→ YOUR GOAL
Repeat the data that follows exactly, starting at the line with "720X720-photo1716035965" and ending at the line with "Michael Kors Jerseys In Black", and leave out every picture.

→ DATA FOR REVIEW
++++++++++++++++++++

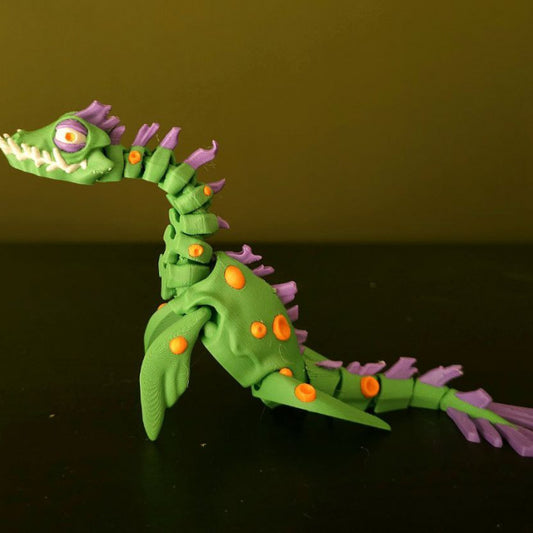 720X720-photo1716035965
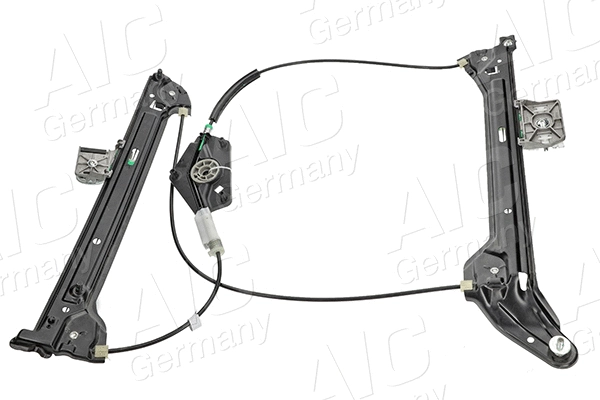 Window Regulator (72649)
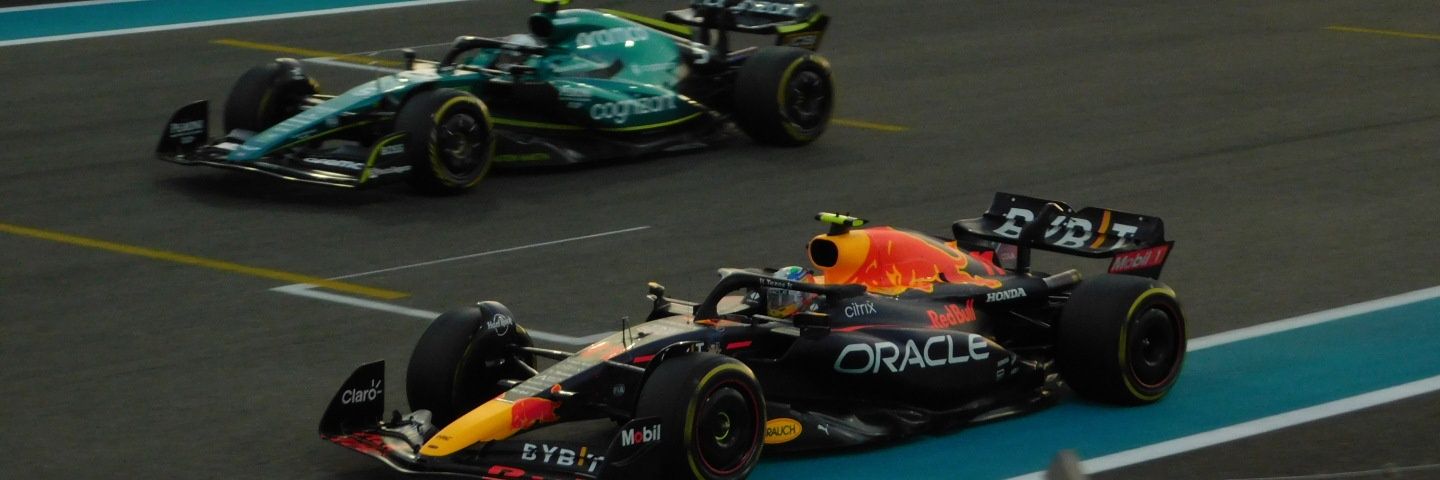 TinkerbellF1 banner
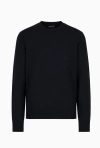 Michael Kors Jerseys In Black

++++++++++++++++++++

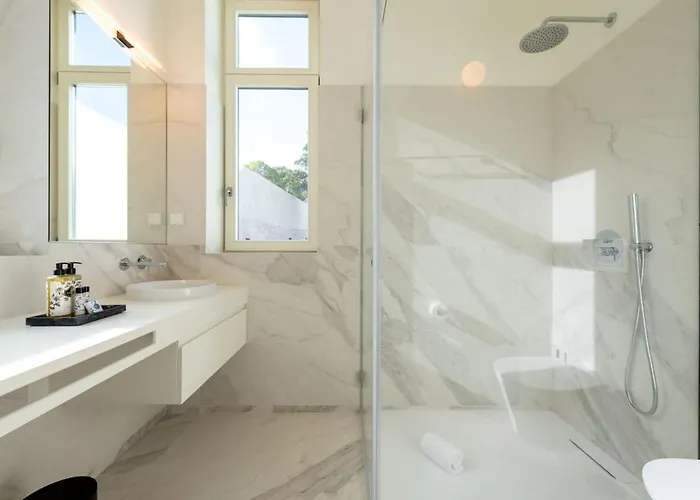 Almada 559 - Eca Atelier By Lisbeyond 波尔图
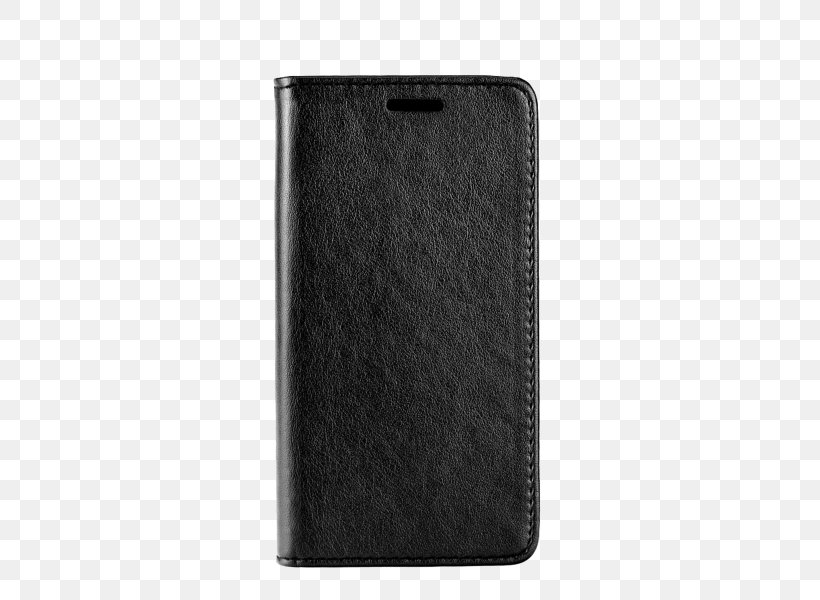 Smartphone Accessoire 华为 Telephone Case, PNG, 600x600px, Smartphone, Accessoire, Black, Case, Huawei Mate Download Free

++++++++++++++++++++

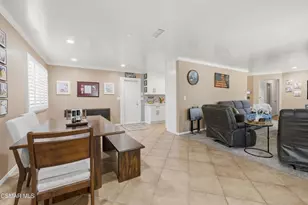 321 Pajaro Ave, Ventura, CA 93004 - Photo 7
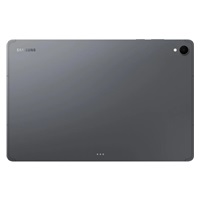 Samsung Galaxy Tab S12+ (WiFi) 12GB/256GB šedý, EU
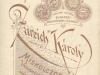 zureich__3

++++++++++++++++++++

→ FINISHED TASK
 720X720-photo1716035965
 Window Regulator (72649)
 TinkerbellF1 banner
 Michael Kors Jerseys In Black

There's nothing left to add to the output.